Atos shares drop as IT firm seeks €1.2bn to pay down debt
Shares in struggling French IT and consulting business Atos dived on Tuesday after the company announced it as raising €1.2bn in new debt and equity as it attempts to slash its leverage position and lower debt.
Shares were down nearly 10% at €2.09 by 1118 in Paris.
The company, which has seen the value of its stock now drop by more than 80% over the past 12 months, is struggling with its massive debt pile of €4.94bn, €500m of which is due by November with a further €3.15bn due by the end of next year.
In a statement on Tuesday, Atos said that €600m of cash is needed to fund the business over 2024 and 2025, which will be provided in the form of debt and/or equity by existing stakeholders or third-party investors.
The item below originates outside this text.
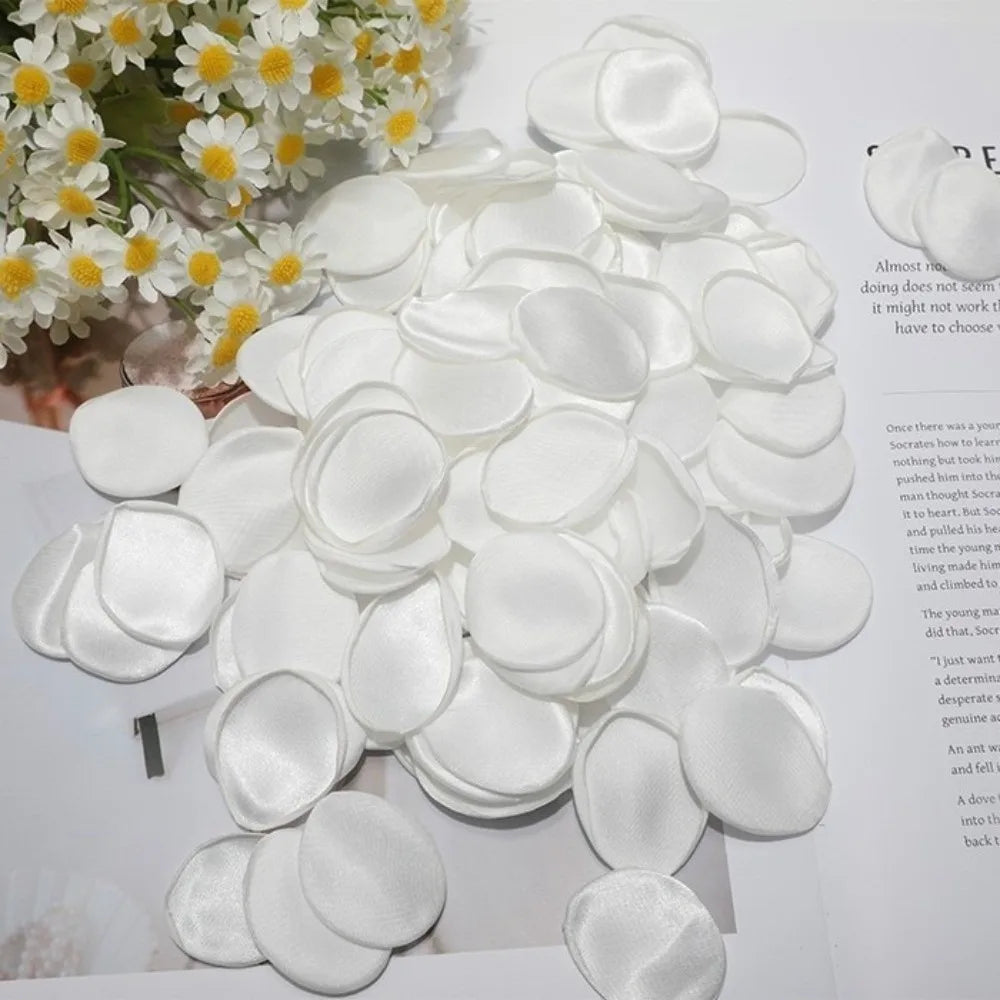 Un amas de pétales de roses de soie artificielle blanches disposés de manière décorative.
Meanwhile, it announced a new €300m revolving credit facility and €300m in additional bank guarantee lines.
The refinancing plan is part of Atos's strategy to obtain a BB credit profile by 2026 – up from B- currently – which assumes a financial leverage (or net debt-to-EBITA) ratio of below 3x by the end of 2025 and below 2x by the end of 2026.
Altogether, this implies a gross debt reduction of €2.4bn, it said, while remaining debt maturities will be extended by five years.
The company said it has reached an agreement in-principle with a group of banks, a group of bondholders and the French State on interim financing of €450m for additional liquidity until a formal refinancing agreement is reached with financial creditors – expected by July.
Atos said its financial forecasts assume it generating €9.9bn in revenue in 2024, down 2% on an organic basis, but it is targeting an improvement to €11.4bn by 2027.